You also get audit trail and provenance cues attached to each image, plus full commercial rights to every output. For brand teams, that turns “we need new photos” into a predictable generation workflow instead of a production scramble.

How do we turn flat garments into catalog-ready imagery without prompting?

Start from your garment files, then direct the scene using the shoot controls: choose camera lens, framing (full body through detail and flat lay), pose, camera angle, lighting, background, and a visual style preset. Each setting is a click—so your creative intent is captured as reproducible configuration, not uncertain text edits.

When you need a consistent look across a collection, save your model setup and reuse it. Your outputs land with C2PA-signed provenance and watermarking cues, which supports faster review and publishing for ecommerce operations.

How does click-driven garment control compare to using ChatGPT or Midjourney for fashion PDPs?

It keeps your product faithful and your results stable. Generic image workflows rely on typed prompts, then iterate by guesswork—often leading to garment drift, inconsistent faces across outputs, and invented logos that aren’t yours. That means you spend time cleaning up images instead of scaling them.

RAWSHOT ties creative direction to explicit UI controls and garment-led representation, so you can reproduce the same shoot direction at catalog scale. You also keep provenance signalling and full commercial rights framing attached to every export, which makes it easier for teams to approve outputs for publication.

Are the outputs labelled and compliant for client approvals?

Yes. RAWSHOT outputs include C2PA-signed provenance plus visible and cryptographic watermarking cues, and AI-labelled output. It’s designed with EU AI Act Article 50 alignment and California SB 942 compliance expectations, hosted in the EU—so your approval workflow can rely on embedded transparency rather than ad-hoc explanations.

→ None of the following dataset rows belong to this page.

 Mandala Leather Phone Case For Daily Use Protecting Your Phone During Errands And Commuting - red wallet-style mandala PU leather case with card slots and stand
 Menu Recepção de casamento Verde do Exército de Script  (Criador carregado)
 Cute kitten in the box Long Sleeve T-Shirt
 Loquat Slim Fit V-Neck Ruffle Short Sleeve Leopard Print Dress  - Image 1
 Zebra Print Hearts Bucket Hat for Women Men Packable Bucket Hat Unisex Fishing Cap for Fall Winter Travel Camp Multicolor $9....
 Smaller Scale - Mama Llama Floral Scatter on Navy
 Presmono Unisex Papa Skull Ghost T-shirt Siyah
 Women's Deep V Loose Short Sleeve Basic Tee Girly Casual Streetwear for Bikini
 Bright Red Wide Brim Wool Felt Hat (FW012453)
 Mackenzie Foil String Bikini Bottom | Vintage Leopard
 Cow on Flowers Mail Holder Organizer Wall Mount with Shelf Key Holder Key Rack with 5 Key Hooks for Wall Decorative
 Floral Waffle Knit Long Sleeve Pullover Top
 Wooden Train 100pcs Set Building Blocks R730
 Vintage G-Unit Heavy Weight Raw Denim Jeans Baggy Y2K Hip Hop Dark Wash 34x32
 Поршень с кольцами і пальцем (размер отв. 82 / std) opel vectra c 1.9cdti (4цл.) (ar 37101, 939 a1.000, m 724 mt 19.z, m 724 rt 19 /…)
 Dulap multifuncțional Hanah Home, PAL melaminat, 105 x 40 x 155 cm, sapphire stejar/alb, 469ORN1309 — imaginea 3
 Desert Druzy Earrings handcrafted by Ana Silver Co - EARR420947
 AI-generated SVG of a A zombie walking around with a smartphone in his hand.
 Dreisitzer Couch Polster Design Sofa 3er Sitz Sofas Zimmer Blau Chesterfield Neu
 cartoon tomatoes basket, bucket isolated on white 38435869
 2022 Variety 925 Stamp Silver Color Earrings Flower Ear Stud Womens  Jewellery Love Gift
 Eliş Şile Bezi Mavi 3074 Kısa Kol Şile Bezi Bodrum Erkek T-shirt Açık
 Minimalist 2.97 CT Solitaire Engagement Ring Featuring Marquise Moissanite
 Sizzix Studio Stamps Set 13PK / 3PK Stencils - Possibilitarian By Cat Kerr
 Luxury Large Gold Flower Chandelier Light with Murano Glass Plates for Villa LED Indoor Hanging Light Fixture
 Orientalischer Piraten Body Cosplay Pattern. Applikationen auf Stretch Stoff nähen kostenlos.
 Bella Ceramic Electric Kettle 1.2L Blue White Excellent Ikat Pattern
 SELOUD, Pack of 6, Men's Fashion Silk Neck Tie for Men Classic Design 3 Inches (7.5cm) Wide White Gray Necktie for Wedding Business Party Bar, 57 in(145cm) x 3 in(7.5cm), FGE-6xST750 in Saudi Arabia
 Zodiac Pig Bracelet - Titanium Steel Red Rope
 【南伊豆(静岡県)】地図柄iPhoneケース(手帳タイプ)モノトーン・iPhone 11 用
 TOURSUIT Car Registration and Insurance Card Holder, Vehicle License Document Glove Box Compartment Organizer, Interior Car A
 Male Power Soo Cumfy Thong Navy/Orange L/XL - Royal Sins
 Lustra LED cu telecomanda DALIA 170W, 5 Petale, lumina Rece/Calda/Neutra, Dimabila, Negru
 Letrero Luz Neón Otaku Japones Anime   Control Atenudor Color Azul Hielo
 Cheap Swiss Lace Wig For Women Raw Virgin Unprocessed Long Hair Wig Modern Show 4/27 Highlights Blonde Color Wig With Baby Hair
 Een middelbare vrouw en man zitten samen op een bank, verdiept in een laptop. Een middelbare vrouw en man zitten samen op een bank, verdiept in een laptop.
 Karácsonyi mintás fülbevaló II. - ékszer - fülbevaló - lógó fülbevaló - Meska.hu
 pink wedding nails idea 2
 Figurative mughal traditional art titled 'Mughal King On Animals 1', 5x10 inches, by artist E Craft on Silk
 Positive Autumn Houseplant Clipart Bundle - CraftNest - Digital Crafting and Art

Each image also carries a signed audit trail per output. For commerce teams that need to standardize review across contributors, that reduces compliance friction while keeping publication-ready quality.

What quality checks should we run before publishing on our storefront?

Use three checkpoints: garment fidelity, model consistency, and provenance readiness. Verify cut, color, pattern, logo, and drape match the real garment, confirm the same model setup across your SKU set to avoid face drift, and check the export metadata carries C2PA-signed provenance with watermarking cues.

Because RAWSHOT keeps direction in explicit controls, you can audit what changed between variants. That makes QA faster than re-deriving intent from prompt text after an export goes wrong.

How do token pricing and generation time work for image-heavy product lines?

For stills, pricing is flat per image: around ~$0.55 per image, with roughly 30–40 seconds per generation. Tokens never expire, and failed generations refund their tokens, so trial runs don’t become silent budget drains.

For teams managing large catalogs, this matters because time is part of cost. A click-driven interface reduces iteration guesswork, and predictable generation windows help scheduling.

Can we integrate RAWSHOT into a catalog pipeline with an API?

Yes. RAWSHOT provides a REST API for catalog-scale workflows, while the browser GUI supports single-shoot direction for creative review. That lets ecommerce and production teams run the same engine across one SKU or many SKUs without changing the way they think about direction.

Because outputs keep provenance and watermarking cues attached, API-scale batches stay auditable. Your team can run nightly generation jobs and still keep a clean commercial-rights story for every export.

If we start in the GUI, how do we scale throughput for a full launch campaign?

You start with a browser shoot to lock your lens, framing, lighting, background, and visual style, then scale those decisions into a batch workflow. Once you save your model setup, you generate the full lineup while keeping the same face and body traits across SKUs, avoiding retake cycles.

When throughput ramps up, the REST API takes over for catalog-scale scheduling, while the GUI remains available for creative iteration. That keeps production organized and makes approvals faster because every output shares the same provenance and labelling standards.